Over these past few weeks I’ve ceased to recognize the woman in my mirror. She’s gaunt, her skin is yellow, her eyes are swollen from nights of crying. This is not the person I thought would become when a man broke my heart.

Of course, I never imagined a man would break my heart.

Especially not this one, with his wit and charm and intelligence. He swept me off my feet before I realized what happened. Our conversations stretched into the small hours of the morning. He was my friend, only that, until the day he told me he loved me. No man had ever told me that before. I half expected none would, a sentiment born of years spent perfecting the art of being invisible. Indeed, the only remarkable thing about me were my opinions. So I had been led to believe.

That day, I woke up as a quiet girl accustomed to the sting of unrequited affection. I went to sleep as a woman who was loved and loved back. My world had been shaken, my perceptions of myself destroyed. I was beautiful: no one had ever told me. I was intelligent: that much I knew, but never before had it been sexy. For that matter, neither had I.

I loved him. Never doubt that. Insecurities I possess in excess, but even though I did not love myself, I loved others. And I loved him like I had never loved anyone. He was the smile on my face at work, the hope that motivated me to endure long days. He promised me many things. I would never be alone again, I would be loved for the rest of my life, I need never worry about anything again. He told me he wanted to marry me. I told him I wanted that too.

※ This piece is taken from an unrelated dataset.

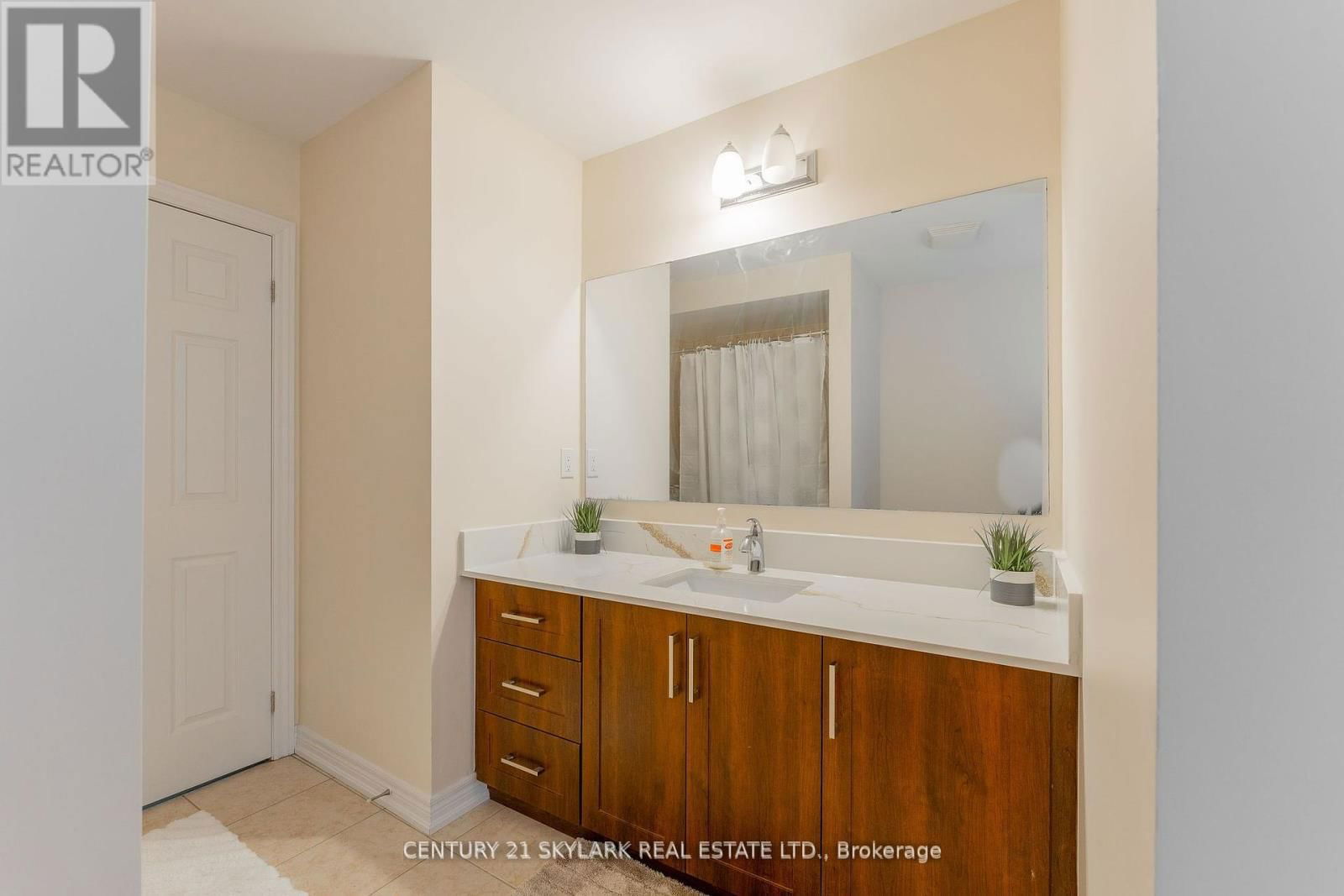 197 SUSSEXVALE DRIVE Image 33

So it was settled. I departed for my semester overseas more at ease than I had ever been in my life. Worry’s a close friend of mine, so close, in fact, that no dosage of anti-anxiety medication ever dreamed up by any psychiatrist ever has been able to banish him. I’d grown accustomed to his presence the way you get used to a bad smell. But he had faded. I was no longer alone, I was loved for who I was. The world was mine.

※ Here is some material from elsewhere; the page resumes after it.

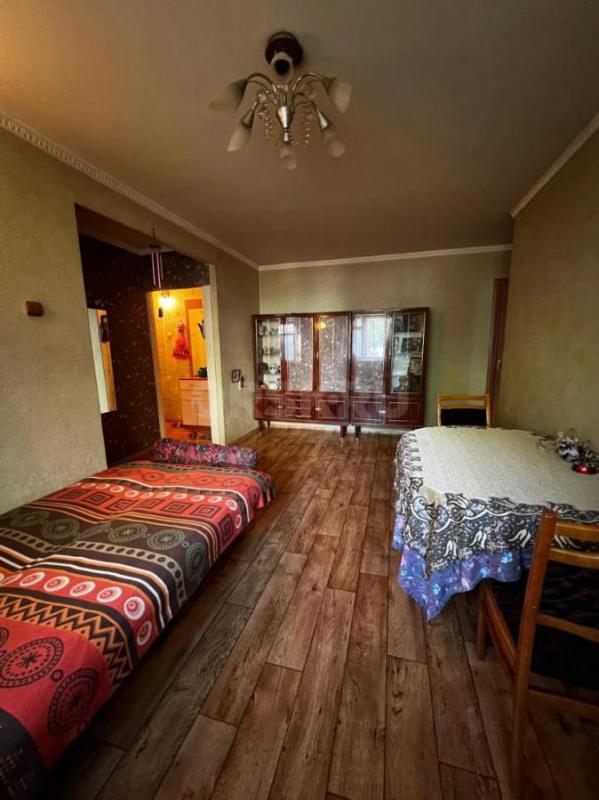 Продам просторную и светлую квартиру площадью 58,5 м², расположенная по адресу: проспект Ленина, дом - Орск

It continued that way for four more months. Then winter came, and brought depression with it.  For I seem to be a human plant: I crave sunlight. Without it, my brain hibernates. My neurotransmitters play dead. A light box is my weapon of choice, but I had not brought it overseas. I was unarmed but for the support of my friends, and the love of the man I thought I was going to marry. It would be enough.

It was for a while. The depression was manageable. I had good days. But one night I admitted to my lover that I was sad I would not be able to spend the holidays with him, and he decided he was done. That’s what his Facebook chat message said, at least. He was done, he could not handle my depression. I had to ask the man who told me he would never leave me to do the courtesy of breaking up with me over the phone.

I cried for days.

While I cried, and became too sick to eat, he went on with his life like nothing happened. There was no visible sign he was affected by leaving me. On the phone, his voice was steady. On video, his expression never changed. The depression worsened, I became suicidal. My clothes no longer fit. Every betrayal I had ever experienced rushed to the surface. Worry had his hands around my throat and depression held me down. The hall wardens arrived at my door, sent, they said, by friends who were concerned for my safety. I lied. They left. I endured the therapy sessions until I decided that as usual, it was useless.

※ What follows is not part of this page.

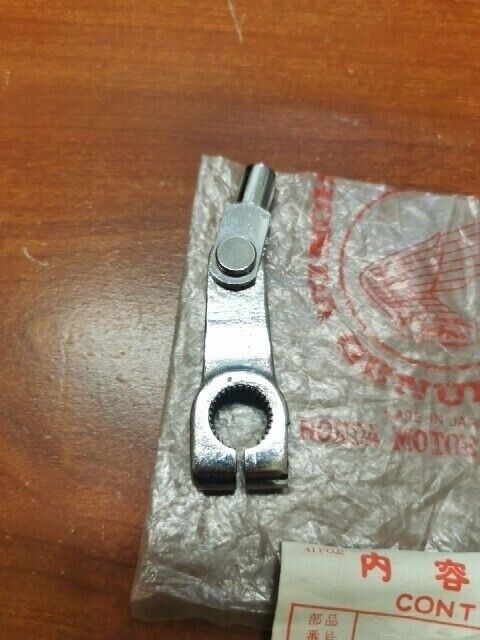 NOS Honda CB72 CB77 CB450 CL72 CL77 CL450 FRONT BRAKE ARM B 45420-268-010 H84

But I began to eat again. The worst of the depression lifted. The wardens did not come back to my door. And even though sometimes I still cried in secret, it was always in secret. Then even that too stopped. I went back to class. I went out. I began the monumental effort of catching up with my coursework. And three weeks later, I am still here. The pain is not gone. The betrayal is still devastating. Nothing can alleviate the knowledge that the man who referred to me as his wife, called me his soulmate, and swore he would never leave me did just that–on Facebook, for having depression. I think I will carry that with me always. He’s planning his holidays and celebrating his birthday “with people he loves,” or so he told me. I doubt those people know he said that he is the most important person in his life.

But I made it. And really, I should feel lucky. I escaped a one-sided relationship that would have eventually crushed me. Someday I’ll even believe I’m lucky. Until then, it’s one foot in front of the other.